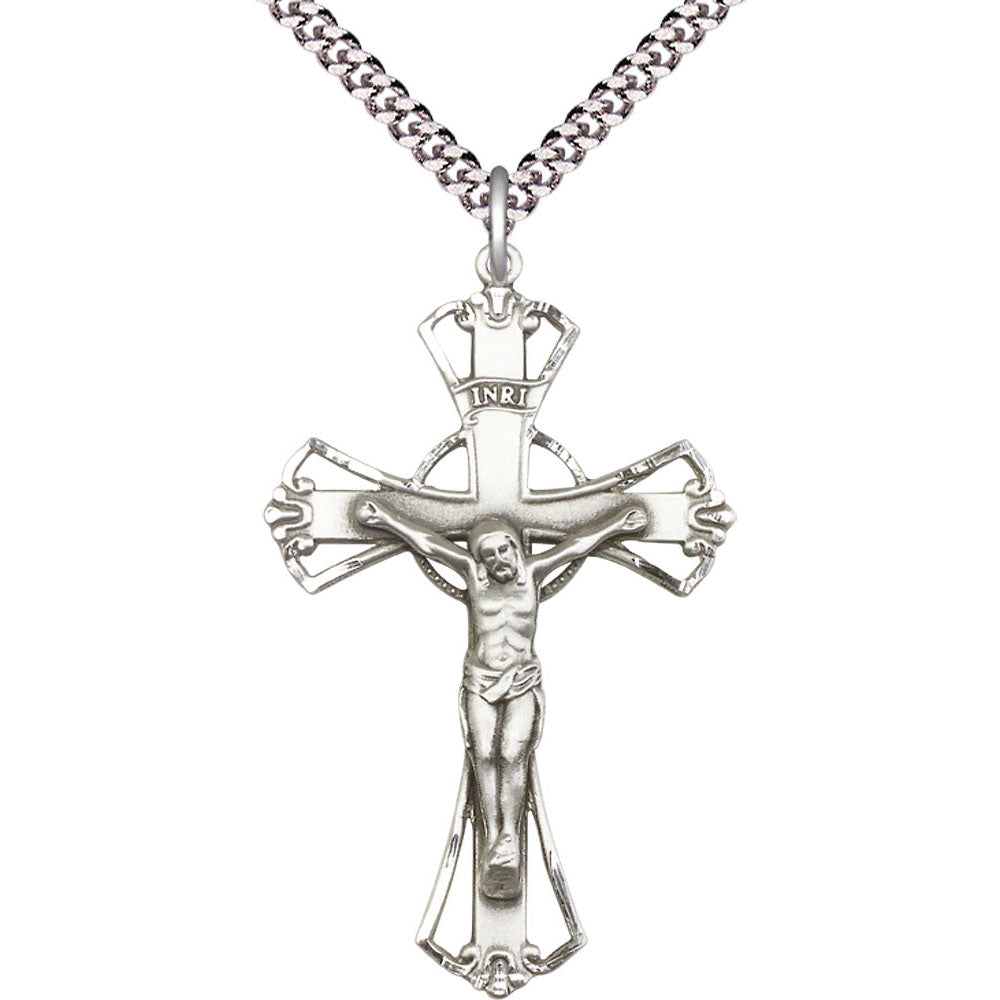 Sterling Silver Crucifix Pendant - 0643SS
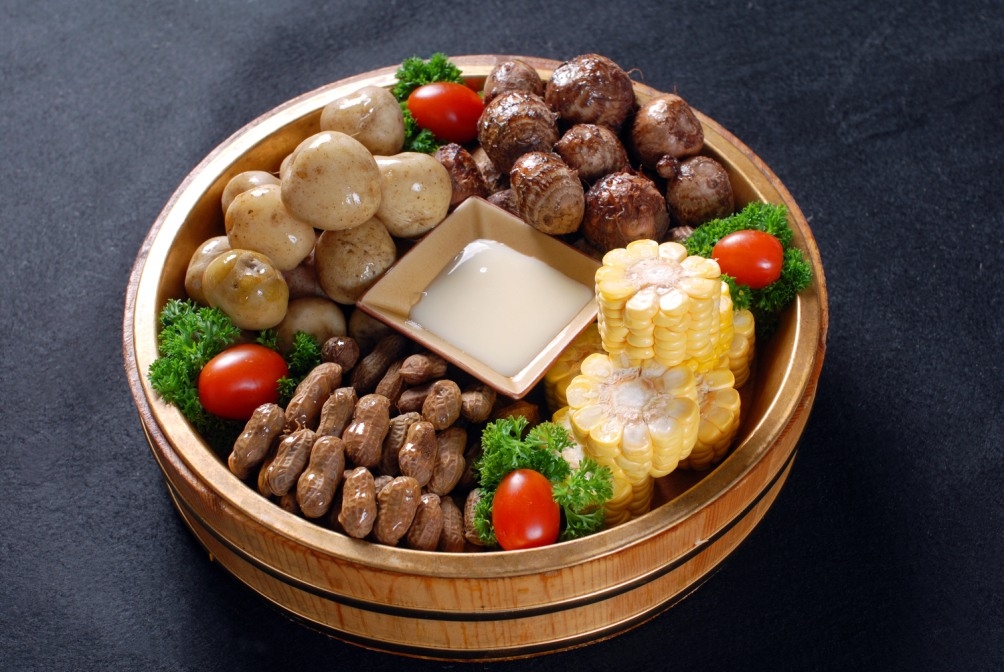 餐饮美食精品粗粮汇宣传图片灯箱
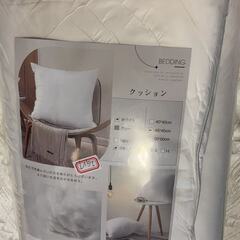 【新品】【2個セット】クッション 中身 45×45cm ホワイト クッション本体 厚い 潰れない 柔らかい ヌードファー 丸洗い可能 抱き枕の画像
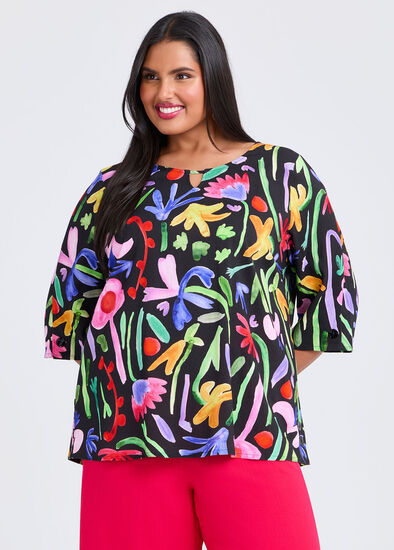Plus Size Natural Trinity Top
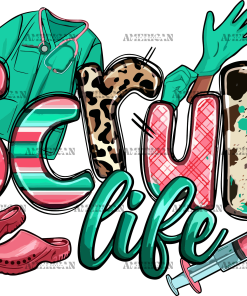 Scrub Life UV DTF Transfer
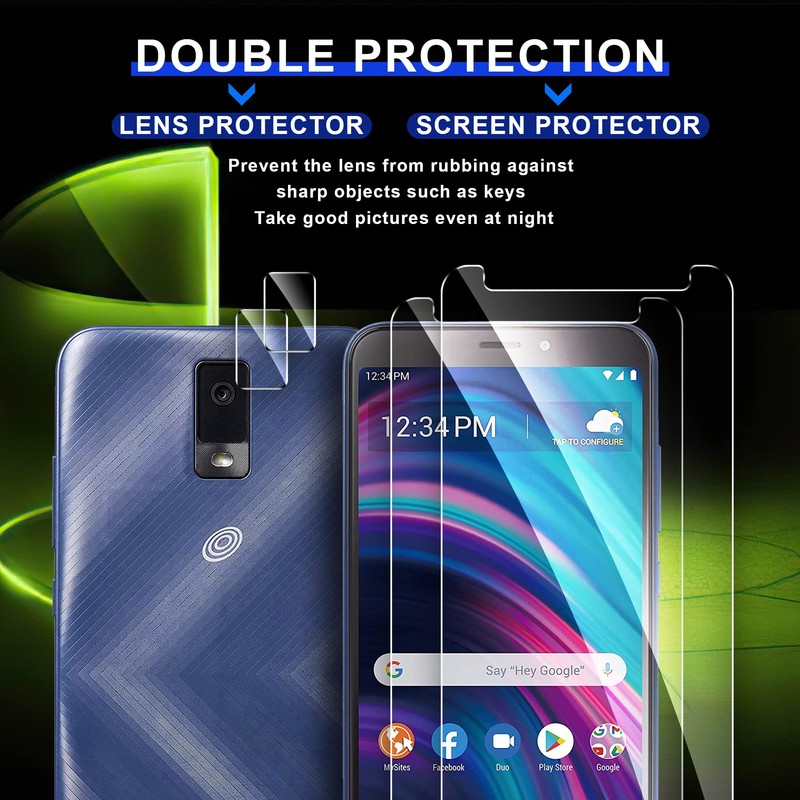 Ogrish [2+2 Pack Screen Protector for BLU View 3 (B140DL)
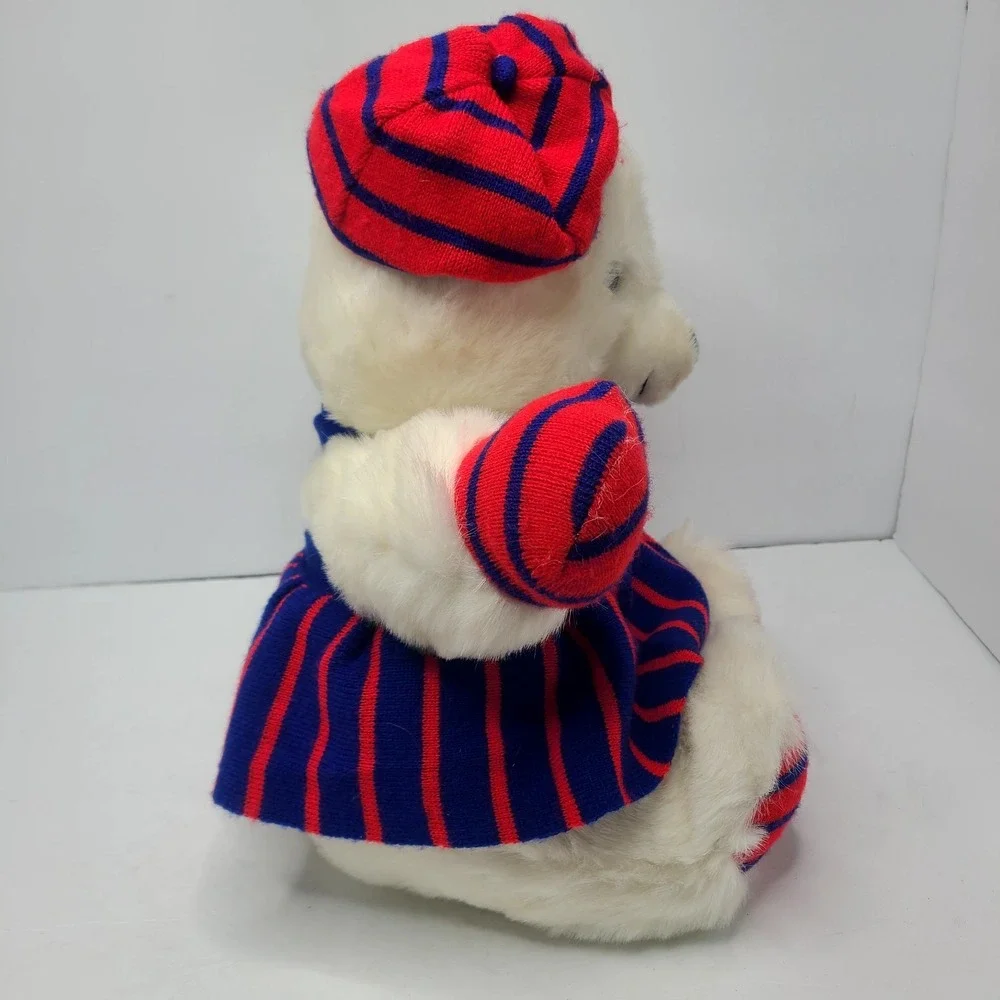 Vintage 1990 Kmart Dan Dee Santas Club Christmas Bear Stuffed‎ Animal Plush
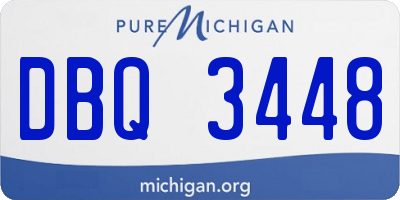 MI license plate DBQ3448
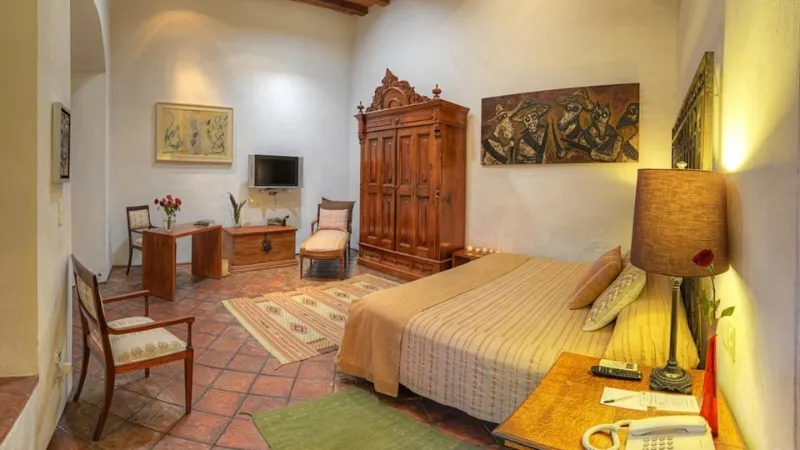 Santo Domingo room at the Hotel Casona de Tita in Oaxaca City, Mexico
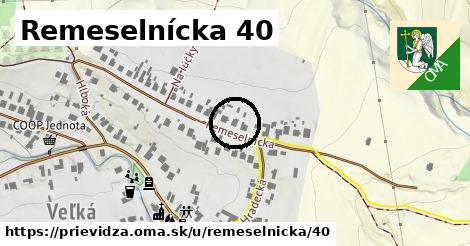Remeselnícka 40, Prievidza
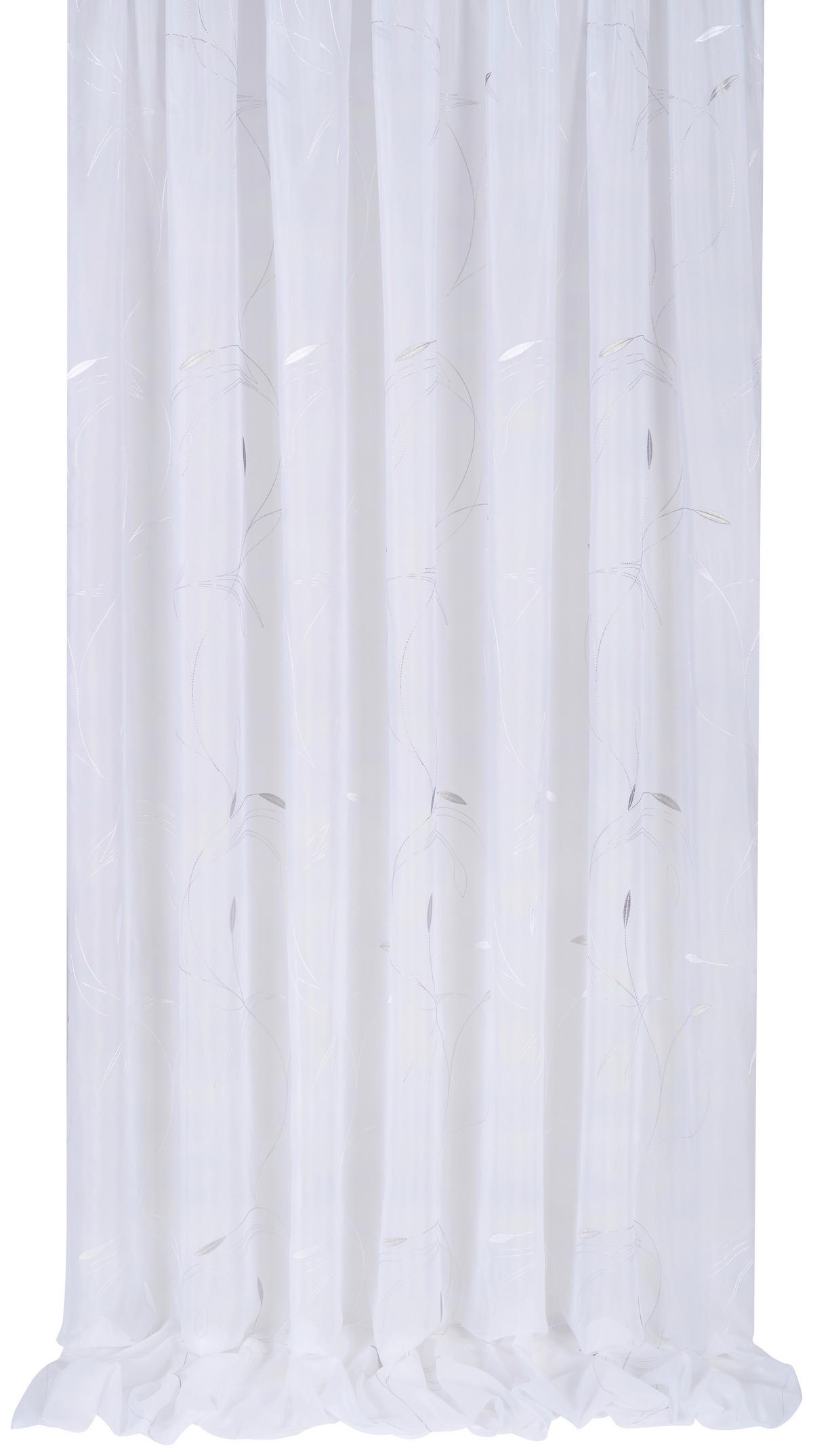 ZÁCLONA, poloprůhledné, 280 cm - světle šedá, Konvenční, plast (280cm) - Esposa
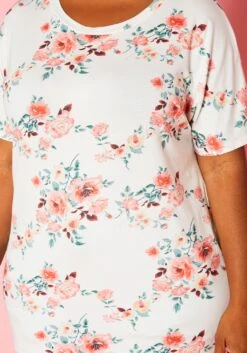 Asoph Plus Size Floral Relaxed Fit Top -Curve Elegance Shop 2020760 003 5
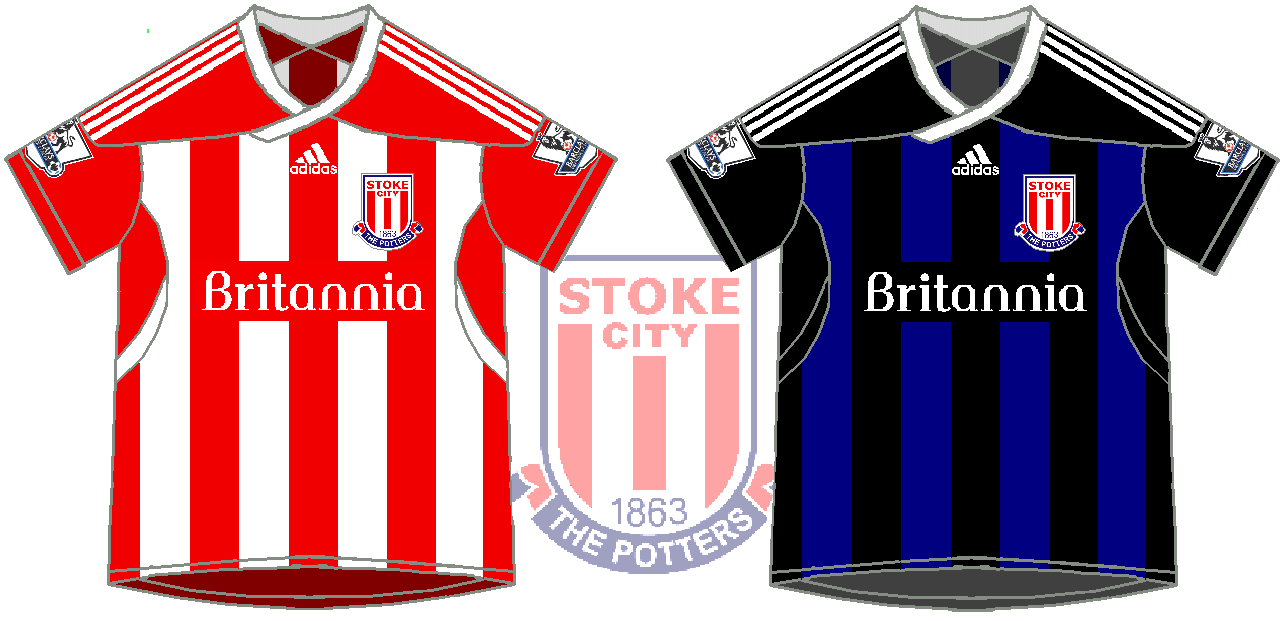 Fútbol Mundial Kits Uruguay Stoke City F. C. 2011/2012 (home y away)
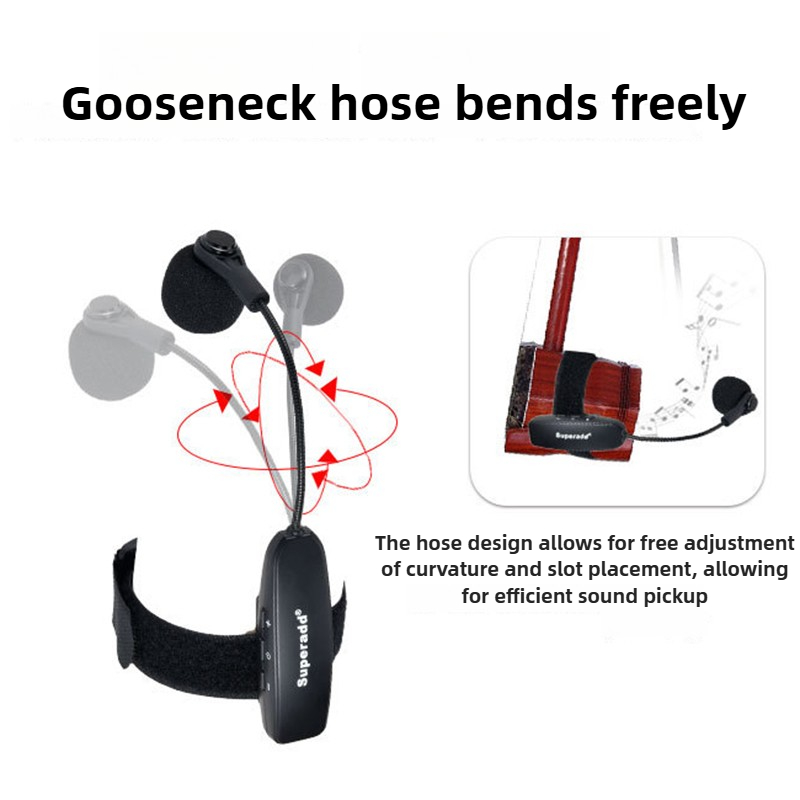 Portable ERhu Wireless Microph - Audio Music Instrumental recension och pris
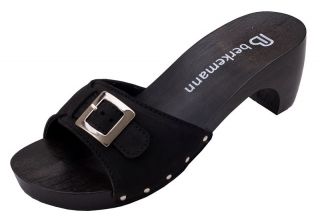 NEU Berkemann Holz Pantolette Silenz Sandalette UK 4,5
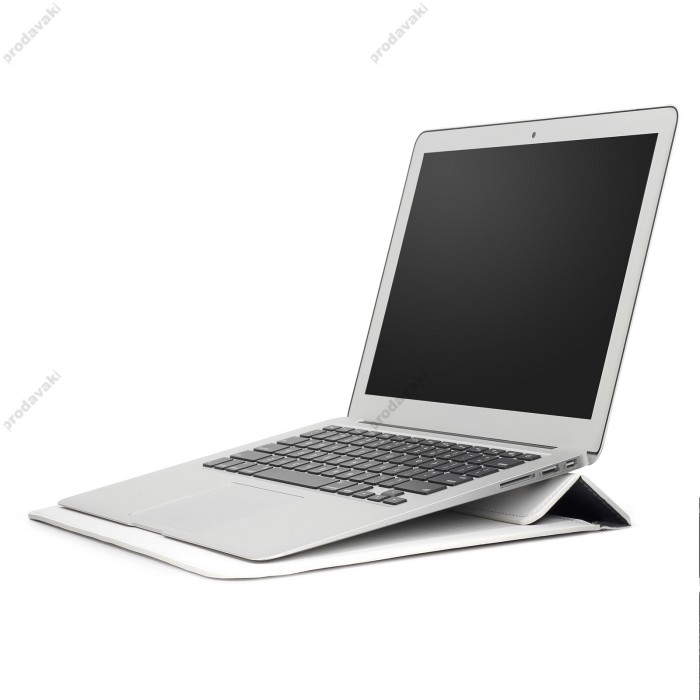 Чохол-конверт-підставка xVibe Leather PU для MacBook ноутбука планшета 13"-14.2" White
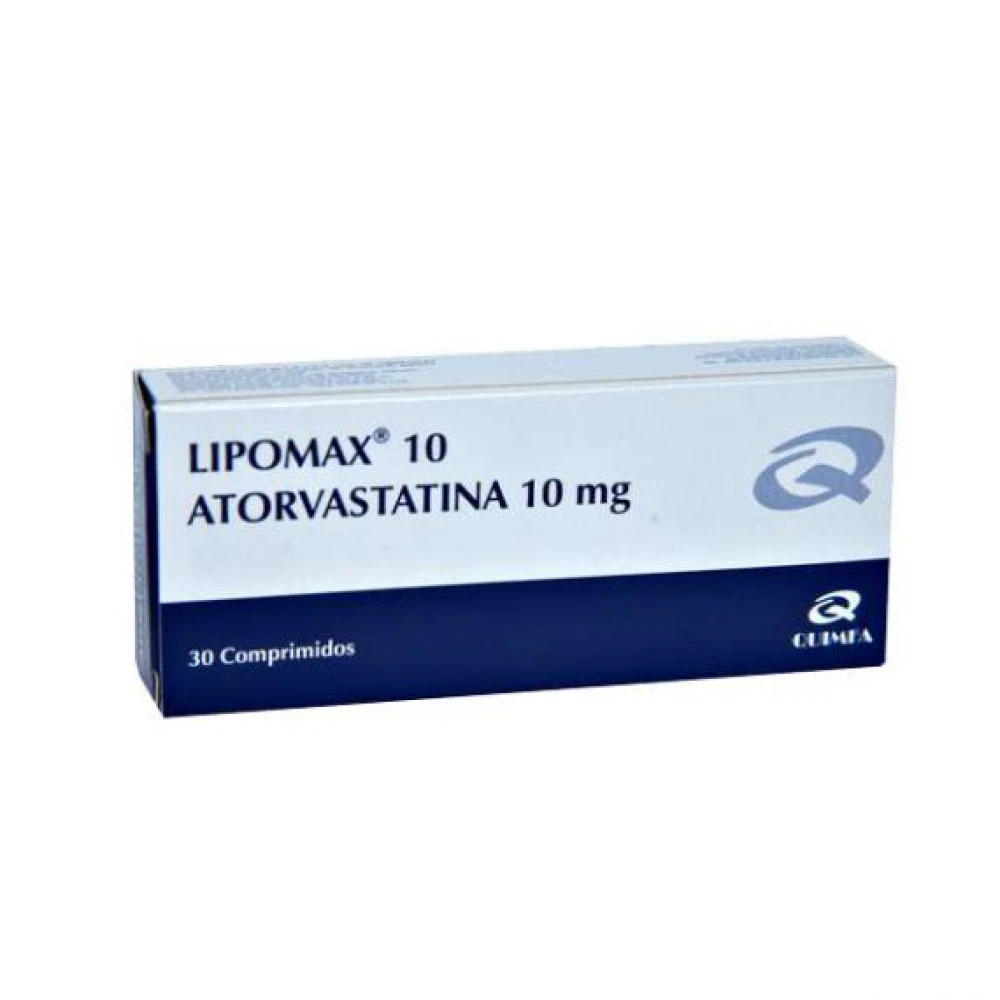 LIPOMAX 10 MG. CJ X 30 COMPRIMIDOS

· · · ·

### Task brief
Give back every record above word for word; the pictures have no place in it.

### Written response
 Sterling Silver Crucifix Pendant - 0643SS
 餐饮美食精品粗粮汇宣传图片灯箱
 【新品】【2個セット】クッション 中身 45×45cm ホワイト クッション本体 厚い 潰れない 柔らかい ヌードファー 丸洗い可能 抱き枕の画像
Plus Size Natural Trinity Top
 Scrub Life UV DTF Transfer
 Ogrish [2+2 Pack Screen Protector for BLU View 3 (B140DL)
 Vintage 1990 Kmart Dan Dee Santas Club Christmas Bear Stuffed‎ Animal Plush
 MI license plate DBQ3448
 Santo Domingo room at the Hotel Casona de Tita in Oaxaca City, Mexico
Remeselnícka 40, Prievidza
 ZÁCLONA, poloprůhledné, 280 cm - světle šedá, Konvenční, plast (280cm) - Esposa
 Asoph Plus Size Floral Relaxed Fit Top -Curve Elegance Shop 2020760 003 5
 Fútbol Mundial Kits Uruguay Stoke City F. C. 2011/2012 (home y away)
 Portable ERhu Wireless Microph - Audio Music Instrumental recension och pris
 NEU Berkemann Holz Pantolette Silenz Sandalette UK 4,5
 Чохол-конверт-підставка xVibe Leather PU для MacBook ноутбука планшета 13"-14.2" White
 LIPOMAX 10 MG. CJ X 30 COMPRIMIDOS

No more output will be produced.